■ What needs to be done ■
With the pictures left out, repeat every entry that follows exactly.

┌─ Given records

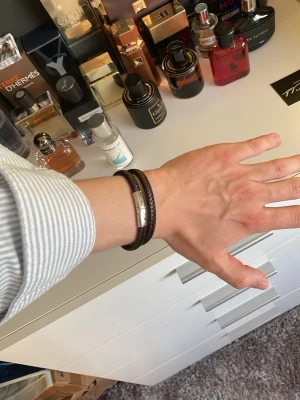 Läderarmband Scottsberry - Stiligt mörkbrunt läderarmband ifrån Scottsberry. Helt nytt och säljs då jag fick två stycken i studentpresent. Passar handleder med omkrets ca 15-17 cm, sitter säkert lika fint på 14 och 18cm också.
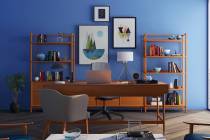 (Norma Vally) A blue accent wall brings color and calm to an office.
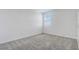 Bright bedroom with grey carpet and a window with blinds at 687 Hitch Loop, Saint Cloud, FL 34772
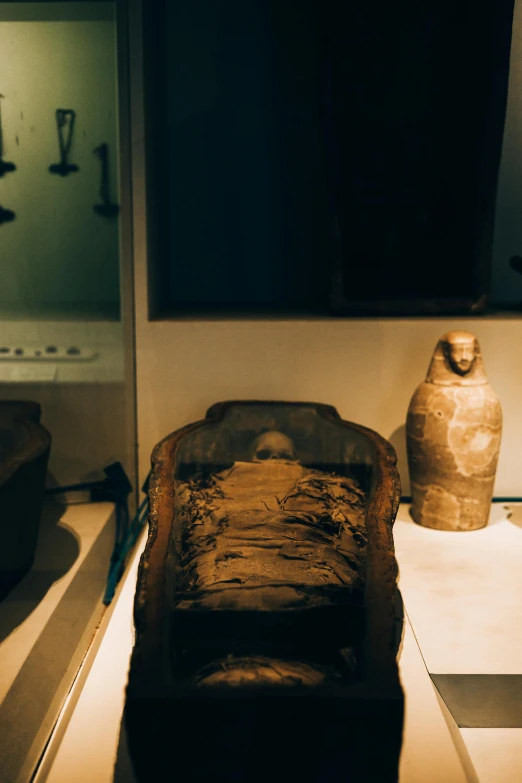 a couple of vases sitting on top of a table, egyptian art, by Daniel Lieske, trending on unsplash, mingei, mummified in bandages, small bed not made, illuminated, photograph taken in 1989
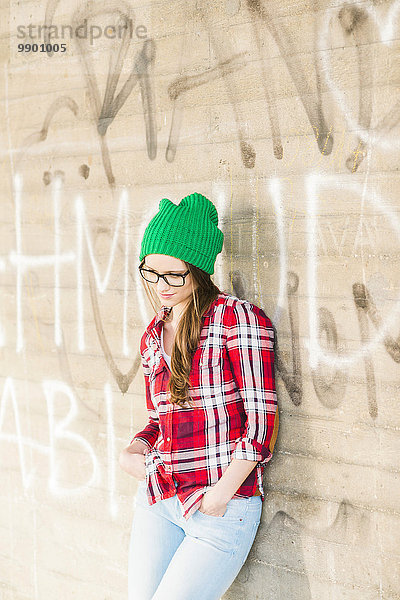 Junge Frau mit kariertem Hemd und grünem Wollhut an der Graffiti-Wand lehnend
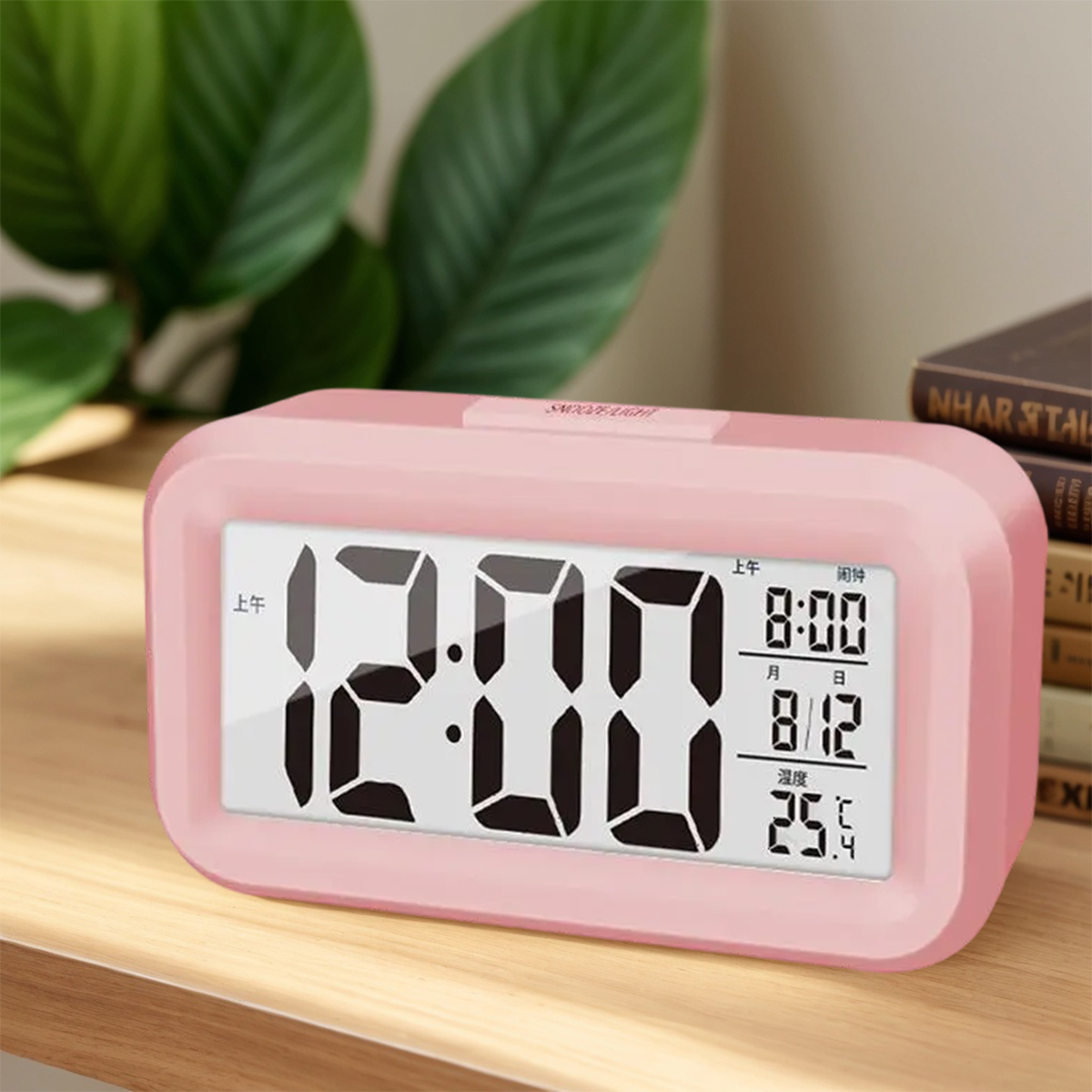 Ein rosafarbener Digitalwecker zeigt 12:00 an, neben Büchern und Pflanzen.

└─

■ Result ■
 Läderarmband Scottsberry - Stiligt mörkbrunt läderarmband ifrån Scottsberry. Helt nytt och säljs då jag fick två stycken i studentpresent. Passar handleder med omkrets ca 15-17 cm, sitter säkert lika fint på 14 och 18cm också.
 (Norma Vally) A blue accent wall brings color and calm to an office.
 Bright bedroom with grey carpet and a window with blinds at 687 Hitch Loop, Saint Cloud, FL 34772
 a couple of vases sitting on top of a table, egyptian art, by Daniel Lieske, trending on unsplash, mingei, mummified in bandages, small bed not made, illuminated, photograph taken in 1989
 Junge Frau mit kariertem Hemd und grünem Wollhut an der Graffiti-Wand lehnend
 Ein rosafarbener Digitalwecker zeigt 12:00 an, neben Büchern und Pflanzen.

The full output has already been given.